Con il ruolo centrale che ricopre nell'ambito del progetto della zona euro per il salvataggio in extremis della Grecia, quel prestatore multilaterale che è il Fondo monetario internazionale è ritornato al punto di partenza. Alle sue origini, all'indomani della Seconda guerra mondiale, l'Fmi aveva come compito fondamentale quello di aiutare l'Europa a rimettersi in piedi dalle devastazioni del conflitto. C'è stato un tempo in cui il Fondo ha avuto una notevole quantità di programmi in corso sul Continente. Fino alla recente crisi finanziaria, tuttavia, la maggior parte degli europei presumeva di essere ormai fin troppo ricca per dover sottostare ancora una volta all'umiliazione di chiedere assistenza all'Fmi.

Benvenuti in una nuova epoca. L'Europa è ormai diventata l'epicentro della più consistente influenza dell'Fmi da svariati anni a questa parte. Numerosi importanti paesi - tra cui Ungheria, Romania e Ucraina - già ora beneficiano di cospicui prestiti dell'Fmi. E adesso nella zona euro si è concordato che il Fondo può intervenire in Grecia, e anche in Portogallo, Spagna, Italia e Irlanda qualora se ne dovesse presentare la necessità.

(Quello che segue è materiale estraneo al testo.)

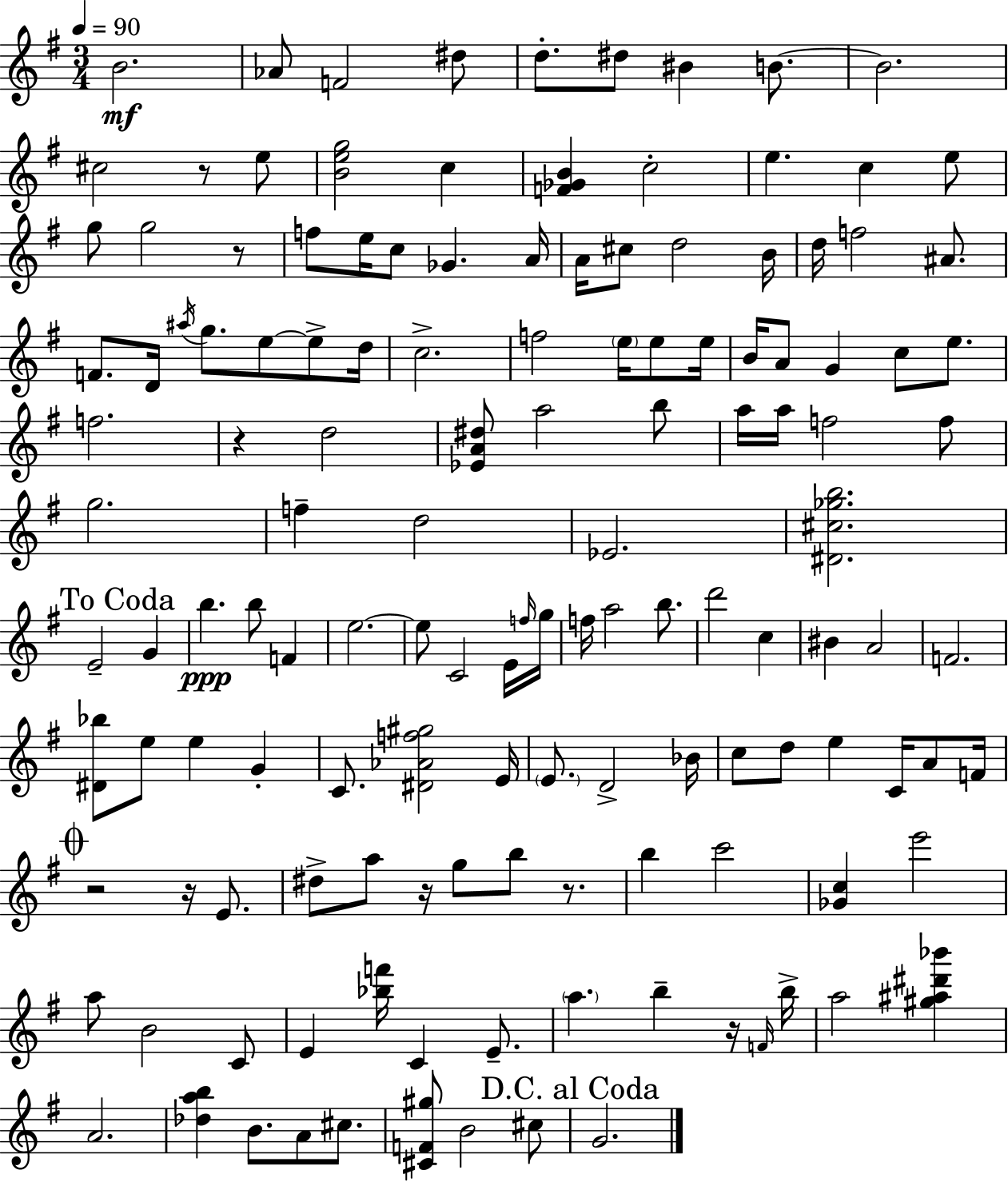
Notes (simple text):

B4/h. Ab4/e F4/h D#5/e D5/e. D#5/e BIS4/q B4/e. B4/h. C#5/h R/e E5/e [B4,E5,G5]/h C5/q [F4,Gb4,B4]/q C5/h E5/q. C5/q E5/e G5/e G5/h R/e F5/e E5/s C5/e Gb4/q. A4/s A4/s C#5/e D5/h B4/s D5/s F5/h A#4/e. F4/e. D4/s A#5/s G5/e. E5/e E5/e D5/s C5/h. F5/h E5/s E5/e E5/s B4/s A4/e G4/q C5/e E5/e. F5/h. R/q D5/h [Eb4,A4,D#5]/e A5/h B5/e A5/s A5/s F5/h F5/e G5/h. F5/q D5/h Eb4/h. [D#4,C#5,Gb5,B5]/h. E4/h G4/q B5/q. B5/e F4/q E5/h. E5/e C4/h E4/s F5/s G5/s F5/s A5/h B5/e. D6/h C5/q BIS4/q A4/h F4/h. [D#4,Bb5]/e E5/e E5/q G4/q C4/e. [D#4,Ab4,F5,G#5]/h E4/s E4/e. D4/h Bb4/s C5/e D5/e E5/q C4/s A4/e F4/s R/h R/s E4/e. D#5/e A5/e R/s G5/e B5/e R/e. B5/q C6/h [Gb4,C5]/q E6/h A5/e B4/h C4/e E4/q [Bb5,F6]/s C4/q E4/e. A5/q. B5/q R/s F4/s B5/s A5/h [G#5,A#5,D#6,Bb6]/q A4/h. [Db5,A5,B5]/q B4/e. A4/e C#5/e. [C#4,F4,G#5]/e B4/h C#5/e G4/h.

La rinascita dell'Fmi avvenuta negli ultimi anni è strabiliante. Castrato dalla retorica populista durante la crisi dell'indebitamento asiatico della fine degli anni 90, il Fondo ha dovuto combattere per dare nuove solide radici alle proprie politiche e per ricostruire la propria immagine. Quando nell'autunno del 2007 il timone dell'Fmi è passato nelle mani dal francese Dominique Strauss-Kahn, perfino i paesi poveri africani evitavano l'Fmi come la peste, preferendo di gran lunga stringere accordi con erogatori di prestito non tradizionali come la Cina. Venendo a mancare nuovi introiti, il Fondo ha dovuto procedere a drastici tagli di budget per garantire la propria sopravvivenza.

Che differenza può fare una crisi! Adesso l'Fmi è in vetta all'Olimpo. Nell'aprile 2009, i leader del G-20 hanno approvato un quadruplicamento delle sue capacità di prestito. L'aumento è apparso addirittura esagerato nella foga del momento, ma di fatto una buona fetta di quei capitali pare essersi materializzata. E per l'Europa gli aiuti non arrivano di sicuro troppo presto.

L'intervento dell'Fmi in Europa segnala forse l'inizio della fine per le difficoltà riconducibili allo spaventoso indebitamento nella regione? Non proprio. Il Fondo non distribuisce regali, ma eroga soltanto prestiti-ponte per concedere ai paesi in bancarotta il tempo necessario a risolvere i loro problemi di budget. Quantunque alcuni paesi riescano effettivamente in qualche caso a tirarsi da soli fuori dai guai imputabili al loro indebitamento - come è accaduto per la Cina durante la sua crisi bancaria degli anni 90 - i paesi in bancarotta, in genere, devono mettere in atto dolorose operazioni di restrizione del loro budget. Piuttosto che rischiare una situazione di default e d'inflazione, la maggior parte di essi è costretta a optare per un aumento del prelievo fiscale e per drastici tagli alle spese, e così facendo spesso innesca una recessione o contribuisce ad aggravarne una già in atto.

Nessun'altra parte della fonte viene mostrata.